As captain of the 1st Fähnlein of the Bürgerwehr, he procures lead and powder in April 1848 and also participates in the “Heckerzug”. He then flees to Switzerland, returns in 1849, and again secretly purchases weapons and 8,000 flints. He briefly acts as an agent of the revolutionary government before escaping to Switzerland once again in July 1849.
In 1851, the Constance court sentences him to three years in prison and damage payments. It was not until 1857 that Zogelmann saw his hometown again and from then on was successful as an entrepreneur. He sets up charitable foundations: one for firemen injured in action, another
for loyal servants. Zogelmann dies in 1888 as a highly respected citizen of Constance. A street is named after him.
Thomas Sättele: With the Church Sword to the Revolution
A few days before the “Heckerzug”, the 40-year-old teacher and Wollmatinger mayor Thomas Sättele vigorously advocates the “Freischarenzug” in the circle of rural mayors in Constance and recruits participants. According to family legend, his wife hides his saber. He then borrows the iron sword of the wooden Paulus in the church of St. Martin, but then does not participate in the march, because his wife is pregnant with their 6th child. In May 1848, Sättele is briefly in custody as Wollmatinger „leader of the revolutionary party“.
The events of the third revolutionary wave in Baden free him. Again, the mayor stands up for the republic. After the revolution he loses his office, but is no longer prosecuted. In 1869 he is allowed to run again in Wollmatingen and is elected mayor again. Sättele dies in 1880 in his hometown.
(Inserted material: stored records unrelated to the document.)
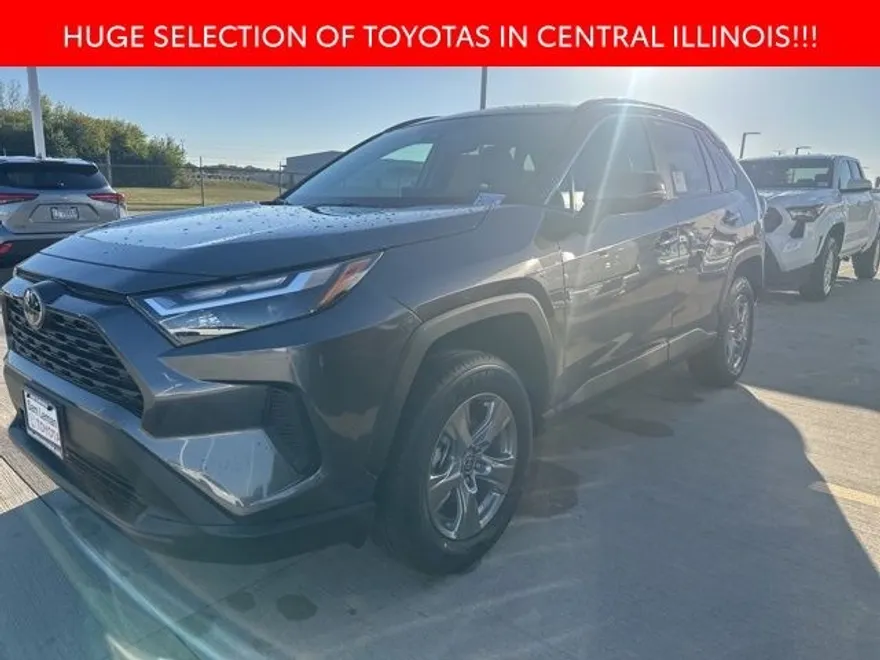 2025 Toyota RAV4 XLE photo 1
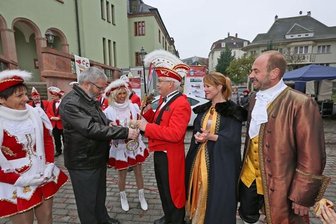 Wilkau-Haßlau: Carnevalsverein entert Rathaus - Das Prinzenpaar Micha I. (rechts) und Anne I. (daneben) nimmt den Schlüssel für das Rathaus entgegen.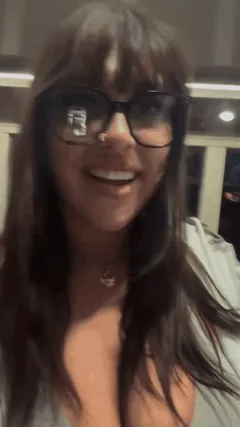 Bouncy girl😍
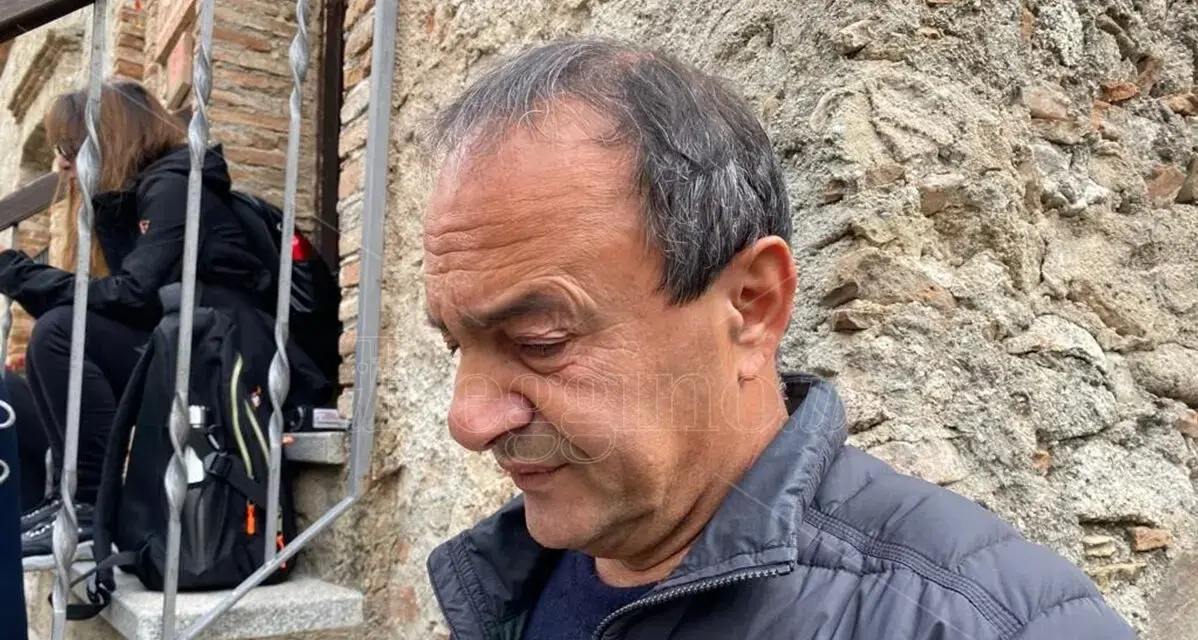 Riace, Lucano tra sospensione e Corte d'Appello: cresce l'attesa per il verdetto sulla decadenza\n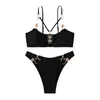 Swimwear féminin 2024 TRENDE FEMMES FEMMES BACILAGE SEXE SEXY 2 pièces Bikini Set Metal Rings Mid Waist Brazilian Summer Female Swimsuit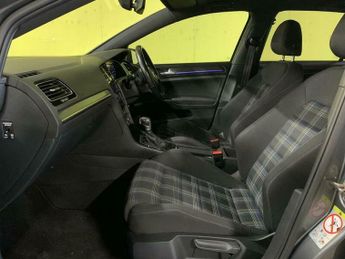 Volkswagen Golf 1.4 TSI 8.7kWh GTE DSG Euro 6 (s/s) 5dr
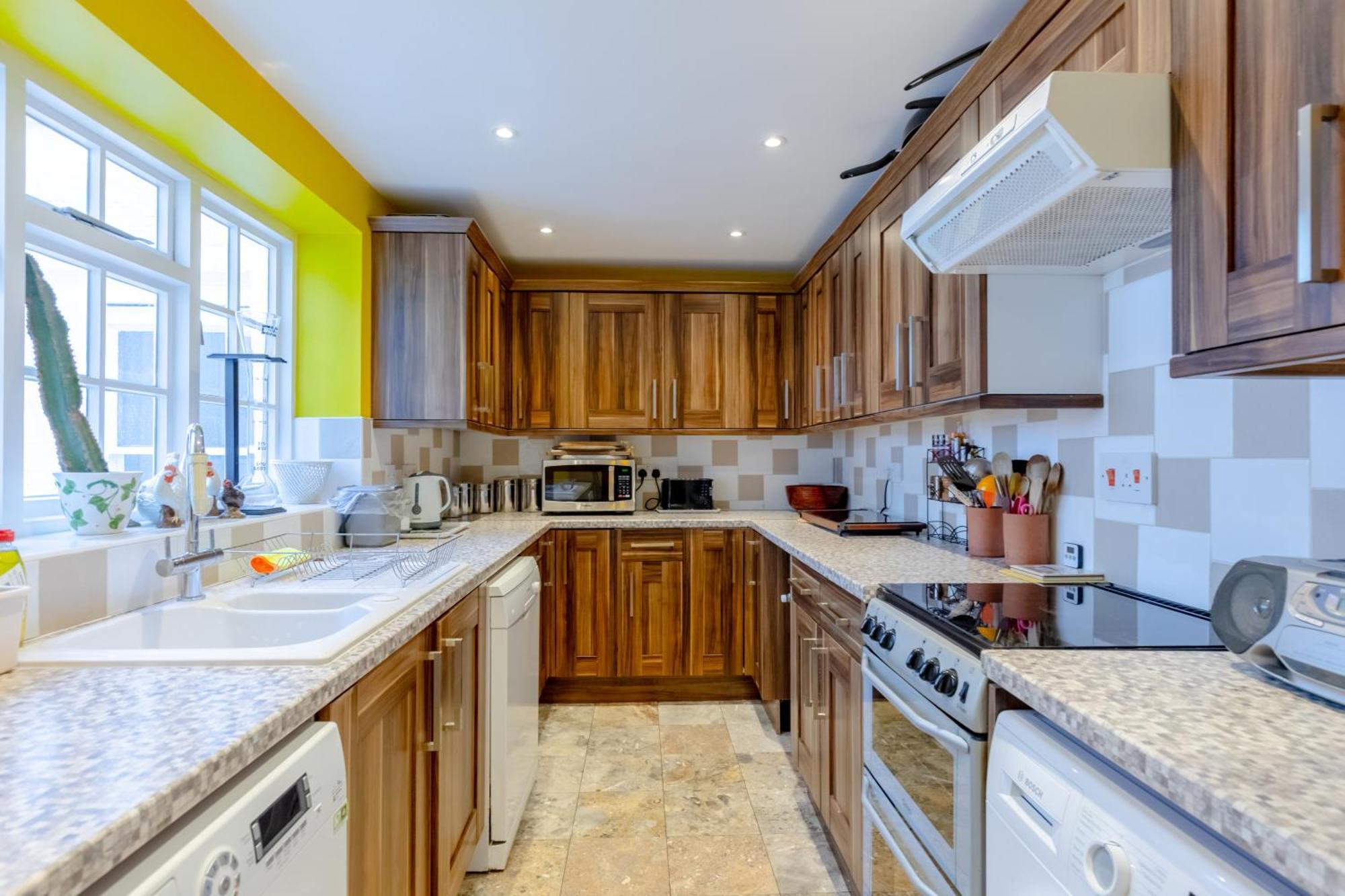 Apartment Regal Haven 4 Bed Near Buckingham Palace London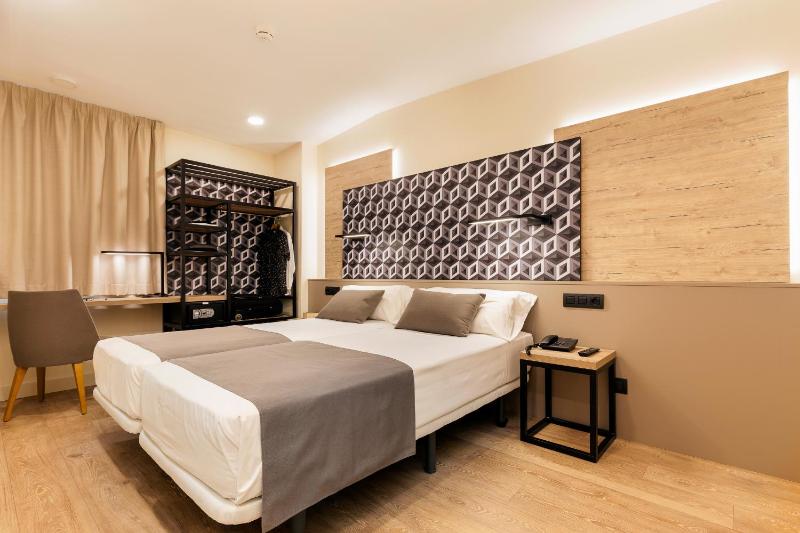 Twin Room (1-2 Adults) image 2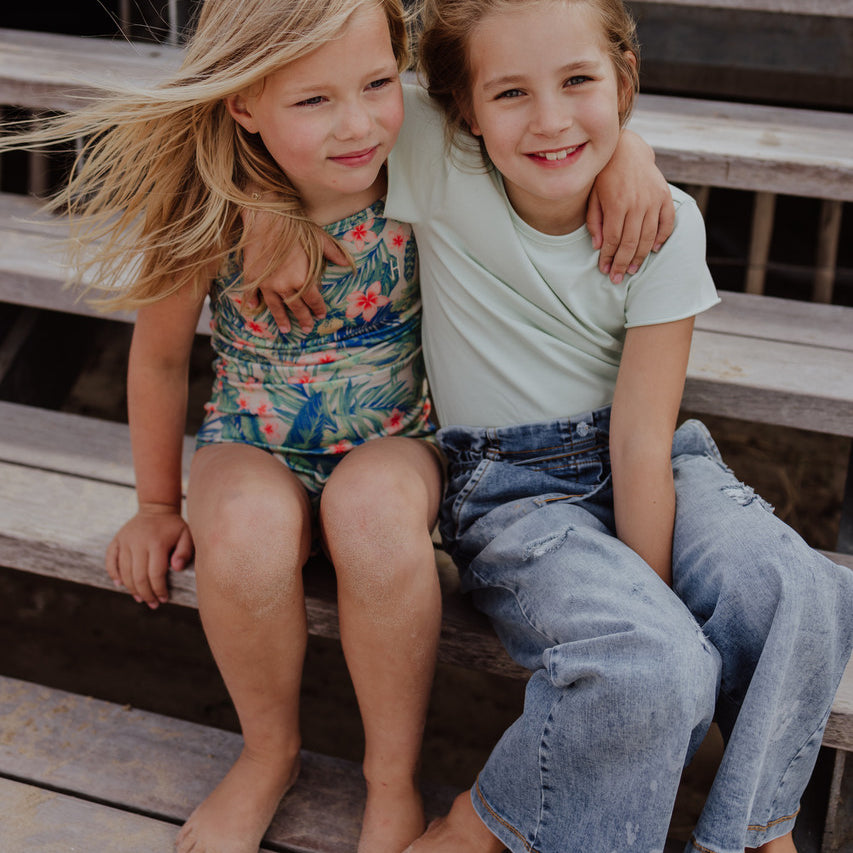Little Hedonist 5-pocket flared pants in Light Blue Denim with Dots, slim fit thighs, for boys and girls. Made from the softest organic fabric. Sustainable unisex kids clothing.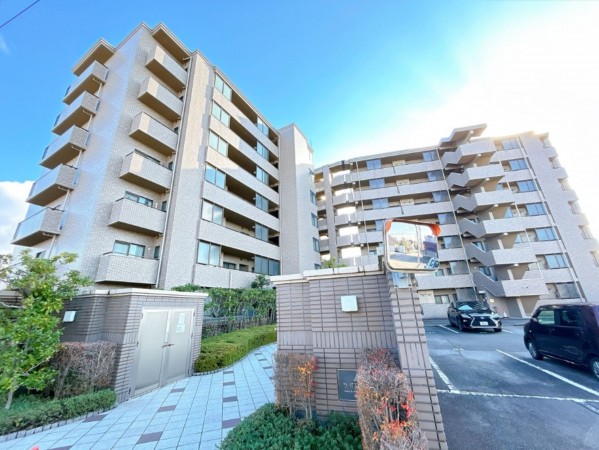 富山市窪本町、マンションの外観画像です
An Opponent of the Revolution: Marie Ellenrieder welcomes the Occupiers
Marie Ellenrieder, a court painter from Baden, insists in her beautiful house in Constance that she has the right to be left alone by political events. To a friend, she writes of herself and her sister on March 19th 1848: „Pepi is well and we live in these troubled times quite quietly and faithfully to our holy church.“
Marie Ellenrieder’s political position is clear: Elimination of old feudal privileges, even democracy are not her concerns. For the past three decades, the nobility and the Catholic Church have been her main clients.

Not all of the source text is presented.